Exercise instructions
Transcribe the lines below exactly, beginning with the line that holds "This guy has" and ending with the final line, both included. Pictures are to be left out.

Records supplied
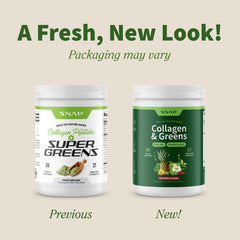 Snap Supplements Super Greens bottle pour highlighting convenient serving for busy days.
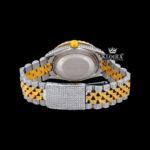 Two Tone Diamond Link Strap Arabic Numerals Red Dial Moissanite Watch Caseback View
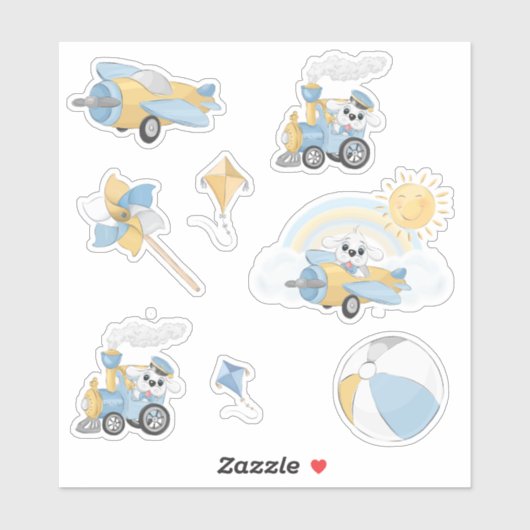 Puppy Birthday Boy Sticker (Vel)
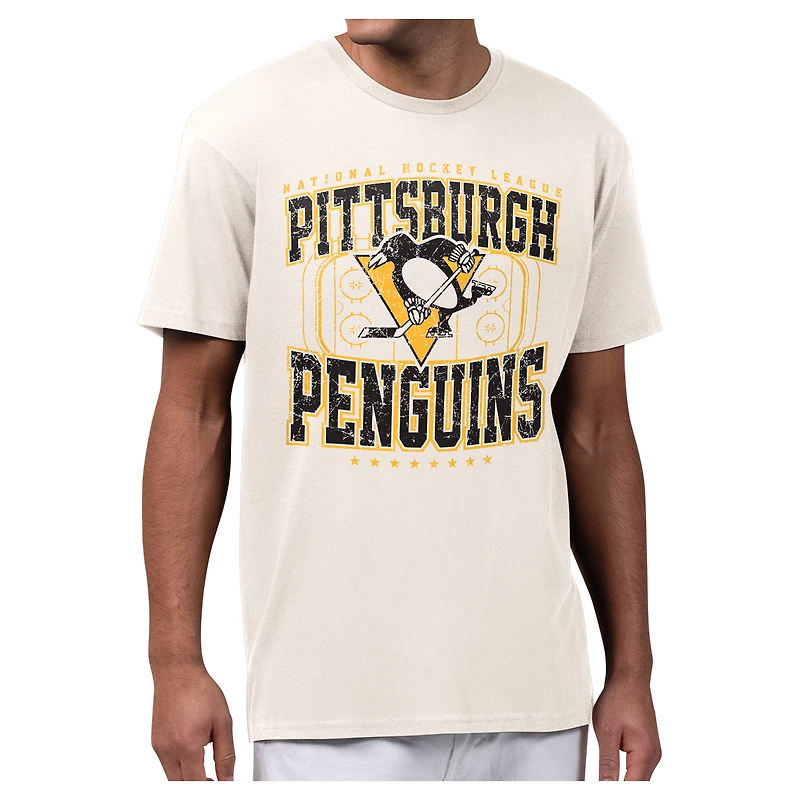 Men's Starter Cream Pittsburgh Penguins Distressed Rink T-Shirt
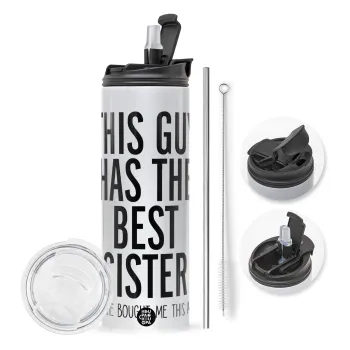 This guy has the best Sister, Travel Tumbler 2 Lids, with metal straw & cleaning brush (Stainless steel 304 Food grade, BPA free, 600ml)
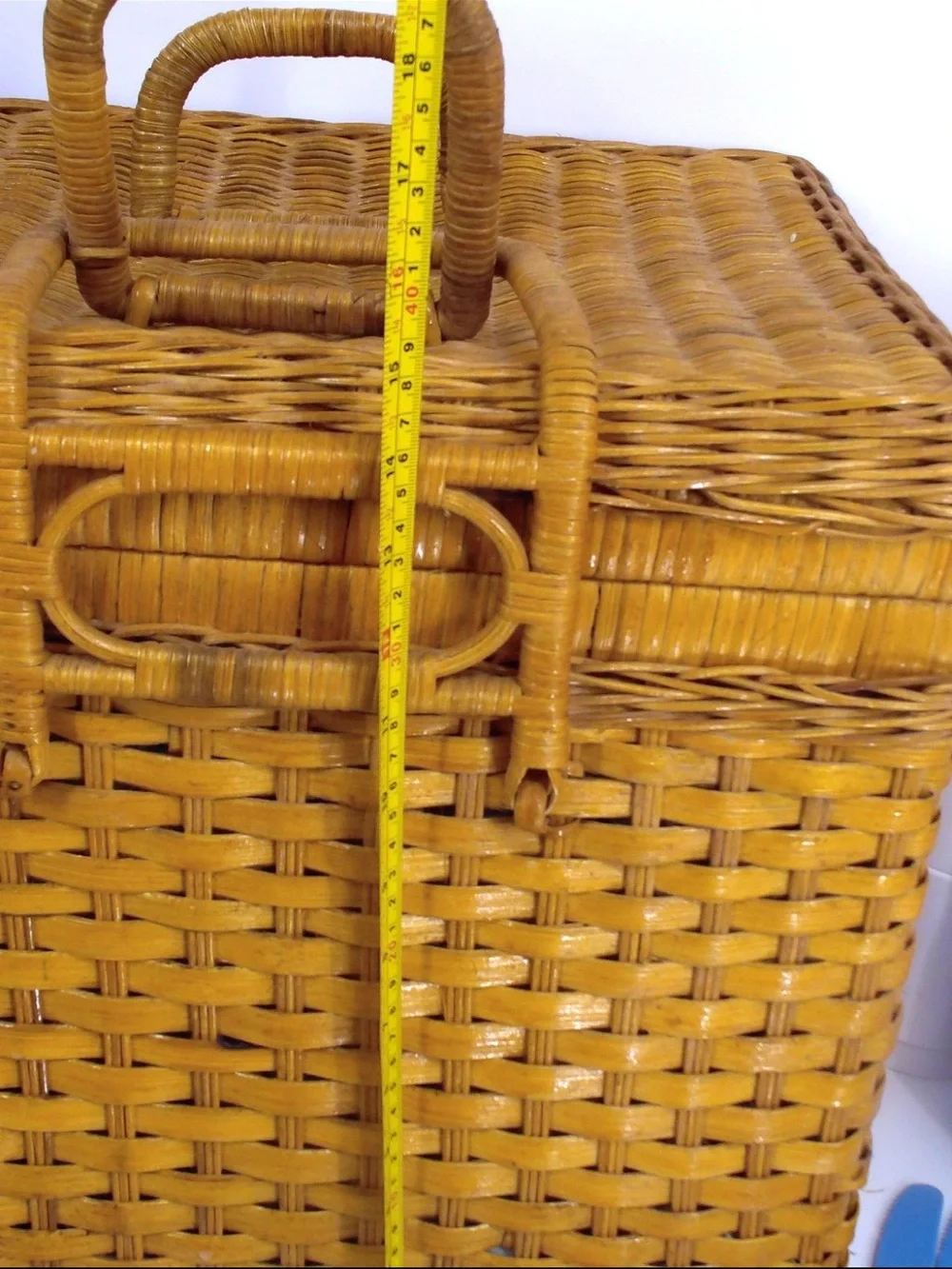 Vintage Wicker Picnic Basket Set with Dish Set - RARE Antique 18 PIECES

Answer area
 This guy has the best Sister, Travel Tumbler 2 Lids, with metal straw & cleaning brush (Stainless steel 304 Food grade, BPA free, 600ml)
 Vintage Wicker Picnic Basket Set with Dish Set - RARE Antique 18 PIECES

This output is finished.